Ecologist Ryan Hechinger and colleagues tested a new way to predict the parasite load carried by California shorebirds they collected and analyzed. The principles they describe, however, could apply to any organism that hosts parasites, including humans. Hechinger describes parasites as the “dark matter” of ecosystems: they are ubiquitous and a key component of energy flow in those systems, but their ecological function is often overlooked.

The study appears today in the journal Proceedings of the Royal Society B. In it, Hechinger’s team describes how the amount of space inside or on a host, whether it be an ostrich or hummingbird, elephant or mouse, has less to do with the total parasite load it can carry at any given time and is more related to how much energy it can supply to those parasites.

The conclusion upends a traditional ecological mantra that available space is the most important resource in determining a host organism’s capacity for carrying parasites. Hechinger started with a principle known as the metabolic theory of ecology, which is used to estimate a range of biological conditions such as how many calories an organism burns given its body size, how fast the organism grows, or how large populations can become. He applied it to parasite-host relationships to find that each host’s parasite load stays within a certain range based not simply on the host’s size but on how much energy it can provide the parasites for sustenance.

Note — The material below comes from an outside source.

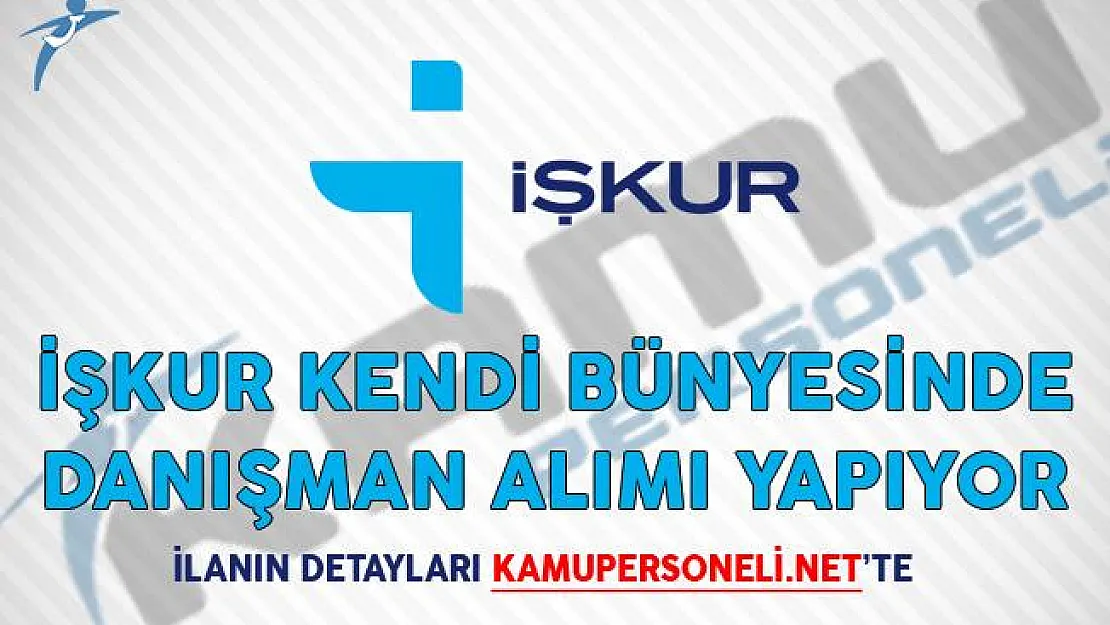 İŞKUR Kendi Bünyesinde Danışman Alımı Yapıyor!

In work funded by a National Science Foundation grant, Hechinger’s team collected a variety of California shorebirds from estuaries ranging from Tomales Bay near San Francisco to San Diego’s Mission Bay. The largest collected were Canada geese, the smallest were Least sandpipers. The total number of parasites on each bird was then counted in Hechinger’s laboratory.

As is the case with nearly all living creatures, every single bird carried parasites – in this case, lice and mites – on the exteriors of their bodies. The body sizes of the parasites tended to be in keeping with the body sizes of the hosts so that smaller birds had more tiny mites and larger birds had relatively more large lice.

“This is a macroecological pattern that no one has ever seen before,” said Hechinger.

While the total number of individual parasites might have varied from bird to bird, the maximum load of those parasites remained constantly in proportion to the energy the bird was capable of supplying them, regardless of what kind of bird. Hechinger says the finding shows the promise of the theory to understand the role of parasites in complex ecosystems.

“We can establish baseline expectations for parasite load for a great variety of animals and plants,” said Hechinger, who added the principle can also help predict the spread of new diseases from wildlife to people, for instance. r

Co-authors of the paper include Kate Sheehan, a former postdoctoral researcher in Hechinger’s lab now at Frostburg State University in Maryland, and Hechinger Lab Manager Andrew Turner.